REQUIRED ACTION:
The records that follow must be reproduced in full, exactly as written.

LISTED ENTRIES:
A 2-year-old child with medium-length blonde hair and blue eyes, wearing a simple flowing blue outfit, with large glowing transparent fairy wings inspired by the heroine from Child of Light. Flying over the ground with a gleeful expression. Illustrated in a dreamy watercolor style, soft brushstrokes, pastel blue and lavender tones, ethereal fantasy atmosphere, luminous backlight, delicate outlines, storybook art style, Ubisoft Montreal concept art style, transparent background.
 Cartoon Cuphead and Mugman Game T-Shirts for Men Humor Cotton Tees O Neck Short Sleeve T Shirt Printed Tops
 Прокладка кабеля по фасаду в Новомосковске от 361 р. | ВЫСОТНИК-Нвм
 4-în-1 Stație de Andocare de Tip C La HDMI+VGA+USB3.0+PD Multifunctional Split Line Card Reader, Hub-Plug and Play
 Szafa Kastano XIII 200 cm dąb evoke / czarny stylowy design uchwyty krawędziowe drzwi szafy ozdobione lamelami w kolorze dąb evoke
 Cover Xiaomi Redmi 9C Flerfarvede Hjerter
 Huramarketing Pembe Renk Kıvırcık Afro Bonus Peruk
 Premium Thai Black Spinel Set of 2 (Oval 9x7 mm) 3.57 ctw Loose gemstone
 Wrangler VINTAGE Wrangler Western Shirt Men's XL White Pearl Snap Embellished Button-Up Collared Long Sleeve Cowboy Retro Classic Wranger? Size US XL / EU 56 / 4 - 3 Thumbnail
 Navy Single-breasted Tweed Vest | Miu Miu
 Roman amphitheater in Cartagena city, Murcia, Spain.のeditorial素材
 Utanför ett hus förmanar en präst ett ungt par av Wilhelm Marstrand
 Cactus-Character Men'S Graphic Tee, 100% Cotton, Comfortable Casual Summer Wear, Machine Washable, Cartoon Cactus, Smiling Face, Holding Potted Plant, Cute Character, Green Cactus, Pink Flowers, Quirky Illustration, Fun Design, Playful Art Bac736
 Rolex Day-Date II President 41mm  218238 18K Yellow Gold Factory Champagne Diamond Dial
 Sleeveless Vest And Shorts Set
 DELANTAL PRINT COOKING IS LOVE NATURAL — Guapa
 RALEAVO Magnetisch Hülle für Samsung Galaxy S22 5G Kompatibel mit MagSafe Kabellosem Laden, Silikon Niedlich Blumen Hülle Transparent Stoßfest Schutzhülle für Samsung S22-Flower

WORKED SOLUTION:
A 2-year-old child with medium-length blonde hair and blue eyes, wearing a simple flowing blue outfit, with large glowing transparent fairy wings inspired by the heroine from Child of Light. Flying over the ground with a gleeful expression. Illustrated in a dreamy watercolor style, soft brushstrokes, pastel blue and lavender tones, ethereal fantasy atmosphere, luminous backlight, delicate outlines, storybook art style, Ubisoft Montreal concept art style, transparent background.
 Cartoon Cuphead and Mugman Game T-Shirts for Men Humor Cotton Tees O Neck Short Sleeve T Shirt Printed Tops
 Прокладка кабеля по фасаду в Новомосковске от 361 р. | ВЫСОТНИК-Нвм
 4-în-1 Stație de Andocare de Tip C La HDMI+VGA+USB3.0+PD Multifunctional Split Line Card Reader, Hub-Plug and Play
 Szafa Kastano XIII 200 cm dąb evoke / czarny stylowy design uchwyty krawędziowe drzwi szafy ozdobione lamelami w kolorze dąb evoke
 Cover Xiaomi Redmi 9C Flerfarvede Hjerter
 Huramarketing Pembe Renk Kıvırcık Afro Bonus Peruk
 Premium Thai Black Spinel Set of 2 (Oval 9x7 mm) 3.57 ctw Loose gemstone
 Wrangler VINTAGE Wrangler Western Shirt Men's XL White Pearl Snap Embellished Button-Up Collared Long Sleeve Cowboy Retro Classic Wranger? Size US XL / EU 56 / 4 - 3 Thumbnail
 Navy Single-breasted Tweed Vest | Miu Miu
 Roman amphitheater in Cartagena city, Murcia, Spain.のeditorial素材
 Utanför ett hus förmanar en präst ett ungt par av Wilhelm Marstrand
 Cactus-Character Men'S Graphic Tee, 100% Cotton, Comfortable Casual Summer Wear, Machine Washable, Cartoon Cactus, Smiling Face, Holding Potted Plant, Cute Character, Green Cactus, Pink Flowers, Quirky Illustration, Fun Design, Playful Art Bac736
 Rolex Day-Date II President 41mm  218238 18K Yellow Gold Factory Champagne Diamond Dial
 Sleeveless Vest And Shorts Set
 DELANTAL PRINT COOKING IS LOVE NATURAL — Guapa
 RALEAVO Magnetisch Hülle für Samsung Galaxy S22 5G Kompatibel mit MagSafe Kabellosem Laden, Silikon Niedlich Blumen Hülle Transparent Stoßfest Schutzhülle für Samsung S22-Flower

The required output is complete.